Having finally made video of myself sleeping I find I don’t need to watch much to satisfy the curiosity factor. The hypnic jerks seemed disturbing at first but after a few of those I didn’t care anymore.

I wanted to catch myself doing what I’ve to myself for a long time, which is scratch myself on the face or torso. I don’t know if that tendency toward unconscious self-mutilation should trouble me or if it is common. I never watched the video far enough to see myself do that, concluding the act of scratching my face would probably be undetectable anyway.

When I howl like a hyena my eyes open. That’s a little weird to see.

Would some consider it narcissistic, watching myself falling into what I melodramatically refer to as The Bottom Of My Ocean? I don’t think so. It was strictly research, the likes of which failed to occur when I submitted myself to a professional sleep study some years ago. The girlfriend at the time suggested I do it.

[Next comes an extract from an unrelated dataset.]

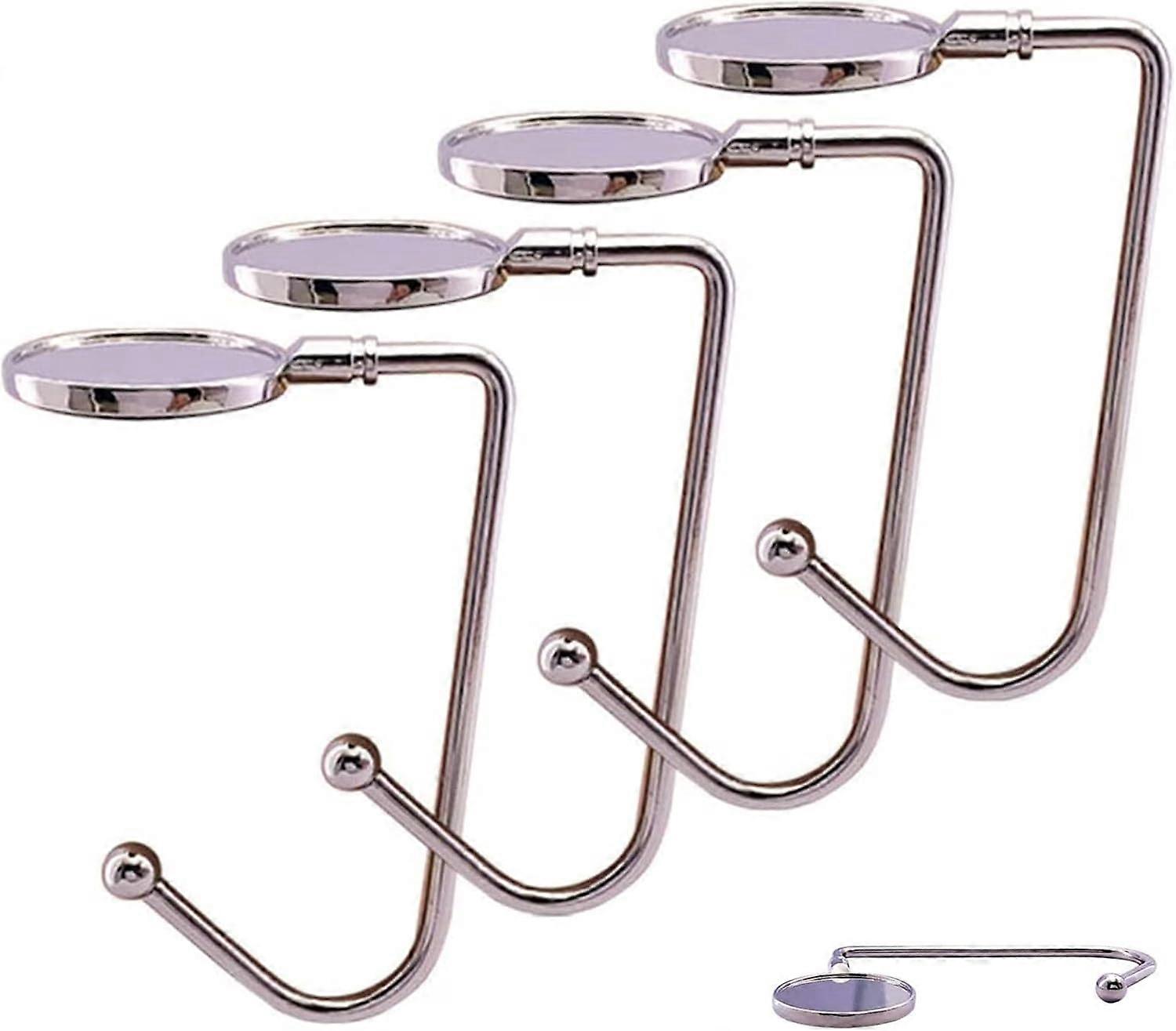 Stylish Fireplace Hang Hooks, High-Quality Zinc Alloy Christmas Stocking Holders with Elaborate Design, Rotatable Top Disc for Adjustable Use on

It was a waste of time. The technicians at the place I was supposed to sleep would gab on their cell phones, and I’d hear their alerts whenever a text message arrived. One guy even played the radio. How was anybody supposed to sleep at this place, not just on account of the noise but the ridiculous tangle of wires and sensors they wrapped around my head.

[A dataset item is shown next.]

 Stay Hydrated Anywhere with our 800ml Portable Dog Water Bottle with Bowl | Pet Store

It can be hard for me to get to sleep in the first place, so it didn’t help that the technician kept barging in, asking me why the hell I couldn’t get to sleep, then getting visibly frustrated and basically telling me to “go the fuck to sleep.”

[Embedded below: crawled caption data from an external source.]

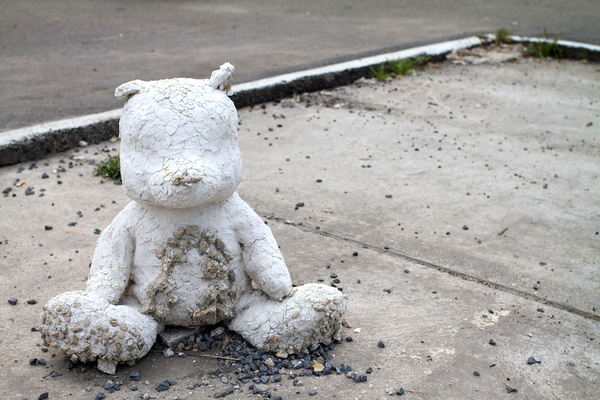 Street art sculpture © Mathieu Besson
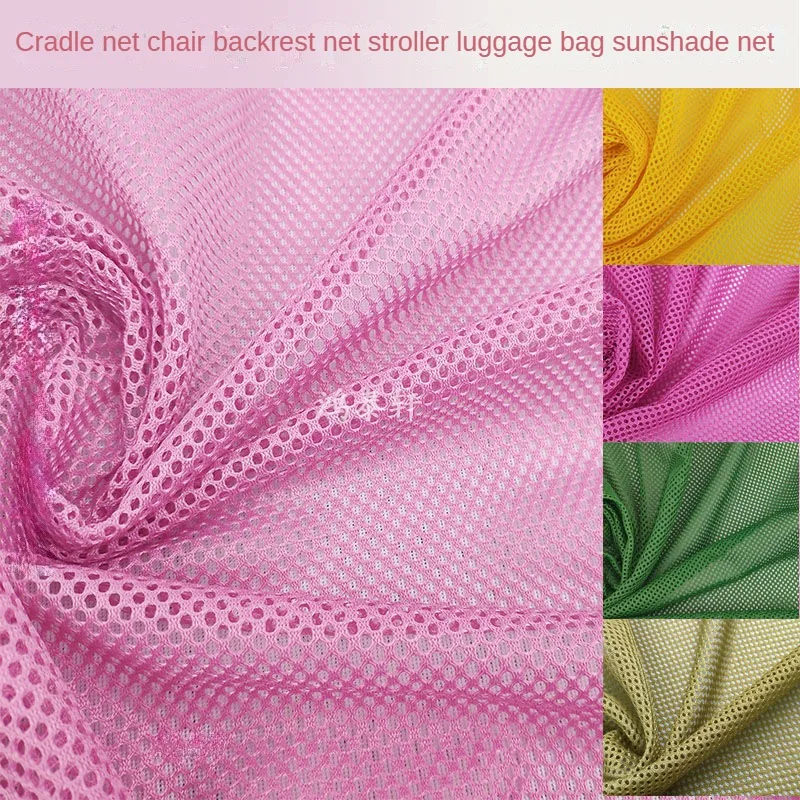 Tragbares Netz gewebe pro Meter für Markisen Angeln Kratz schutz netz Kinderwagen Nähtuch robust schwarz weiß grau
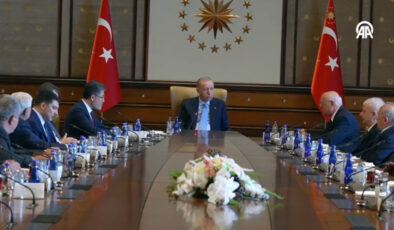 Cumhurbaşkanı Erdoğan, çiftçileri kabul etti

The official insurance-covered sleep study was a boondoggle. I learned more from watching myself using my own gear.

I procured a decent but cheap surveillance camera, the type meant for monitoring babies or pets. It is a Ctronics device, which lacks a fundamental feature I had foolishly assumed would be included. You cannot export the video. Video is only viewable through the Android app. Removing the MicroSD card and browsing the files returns a bunch of encrypted files unviewable through any means except the app.

The workaround, if you could even call it that, is that the app allows you to record video as you play it back. That technique is not useful for saving 8 or 9 hours of video.

The camera also must be plugged in for it to work. I knew that before purchasing but find that minor albatross to be a more of a drag than I expected. If I ever again pursue this fascination I will make sure to get a battery-powered camera which allows the video to be extracted for editing.

This is hardly the first time I’ve pursued the goal of documenting every step I take, every word I type, every last scrap of evidence that I actually existed. For years I had webcams pointed at me almost 24/7, and somewhere around here I have thousands upon thousands of saved images to show for those years of digital hoarding.